# Low tech/excel question



## BusyGal (Jan 17, 2008)

I have a low tech tank...no CO2 and medium lights, set on a timer for 2x day, morning and evening about 8-9 hours total. 

Some of my plants leaves start losing their deep green color, get transparent, or turn yellow and start dying. Why? I would also like to know EXACTLY what florish EXCEL does? Is says it supplies organic carbon but I remember on past posts that someone said it was castic chemicals. I have a lot of fish in my tank but it is offset by lots of filtration.

Thanks.


----------



## Tex Gal (Mar 28, 2008)

Excell supplies the carbon that plants need to live (carbon based life form...). Dosed at the level recommended it won't hurt your fish. Some say that certain shrimp are very sensitive to it. I have used it at 2x's level with my cherry shrimp. They do fine with it. Excell is not a fertilizer per se.

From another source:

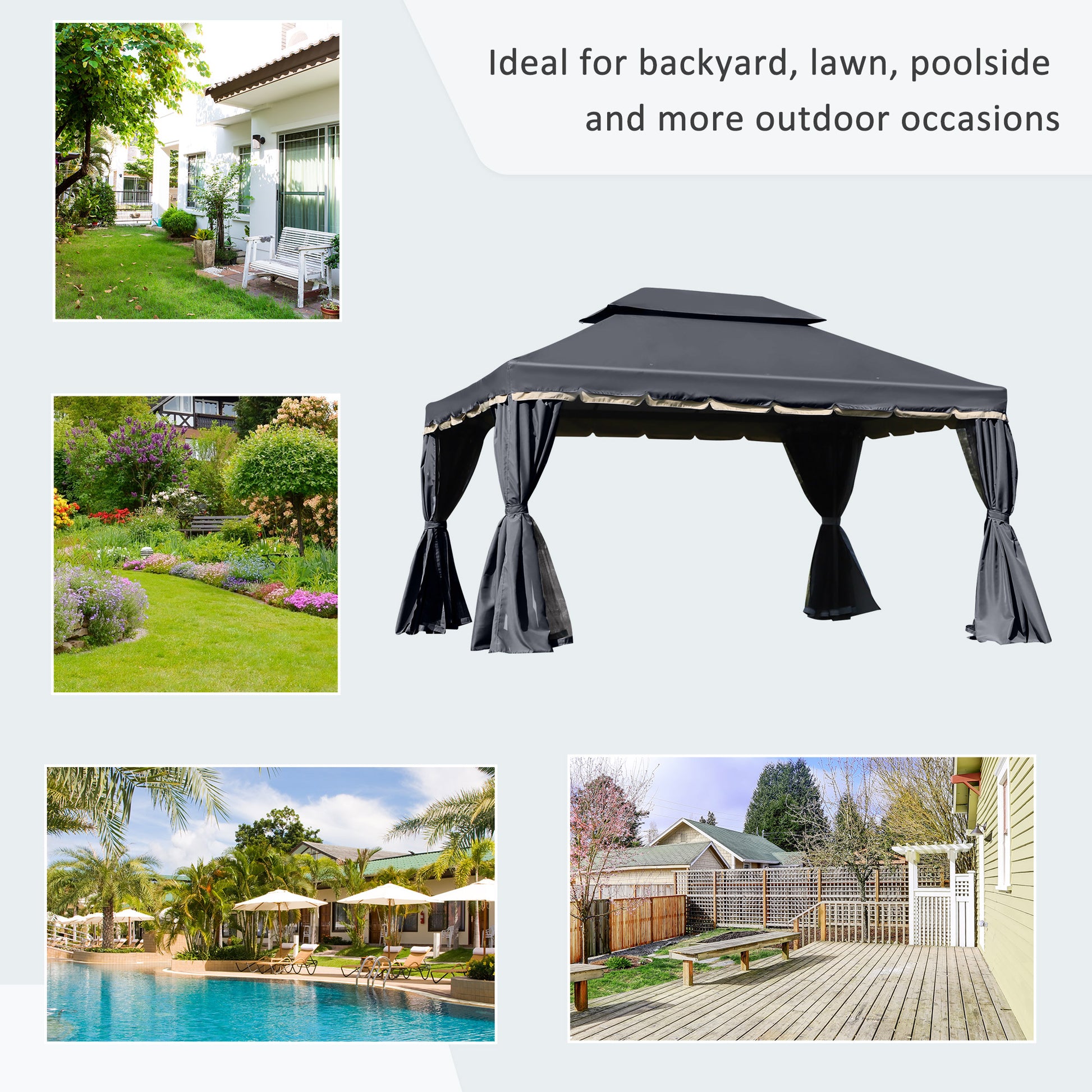 Patio Gazebo 13' x 10' Double Roof Black-DECOROLALA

Sounds like you need some fertilizer. You could use dry fertilizers or flourish also makes some liquid. You could use root tabs depending on the plants you have. You will need potassium, nitrogen, and phosphates. You could look for a fertilizer that has all three. I began with a pond fertilizer until I could get my dry fertilizers. I just put a small amount in.


----------



## wearsbunnyslippers (Dec 6, 2007)

basic photosynthesis formula:

6 CO2 + 6 H2O + photons -> C6H12O6 + 6 O2

carbon dioxide + water + light energy -> glucose + oxygen

dissolved co2 can be the limiting factor in plant growth, in a low tech tank it is normally low lighting. adding excel provides some of the carbon needed for the above formula.

i dose flourish and flourish excel as per the directions on the bottles, and i have no issues with my fish or my plants turning yellow. try to identify your deficiency and resolve that, whether it be lighting, co2, or ferts.

i have double dosed excel to kill algae and also noticed no negative affects on my fish...


----------



## BiscuitSlayer (Apr 1, 2005)

BusyGal said:


> I have a low tech tank...no CO2 and medium lights, set on a timer for 2x day, morning and evening about 8-9 hours total.


Your first line kind of contradicts itself. (Low tech and medium lights)

Tell us more about your setup and maybe we can better determine what is going on.

What size tank?
Lighting?
Bioload?
Fertilization, if any?


My initial guess is that your light might be driving up uptake of nutrients of your plants. If you aren't providing nutrients, to suplement the uptake the plants yellow and melt away. This process is expedited with more light.


----------



## BusyGal (Jan 17, 2008)

I use Excel, maybe 1-2 week and also Flourish 1 day a week. My tank has a lot of fish but I also have 3 filters running. One wet/dry, one penguin that has the bio-wheels and also some carbon is in those filters, and I run another canister filter whose main reason is to pump the water that goes through the UV light. I cut back the lights as I was getting lots of algae growing on my plants. That has helped and my algae issue isn't a problem anymore, and I think the excel helped a little.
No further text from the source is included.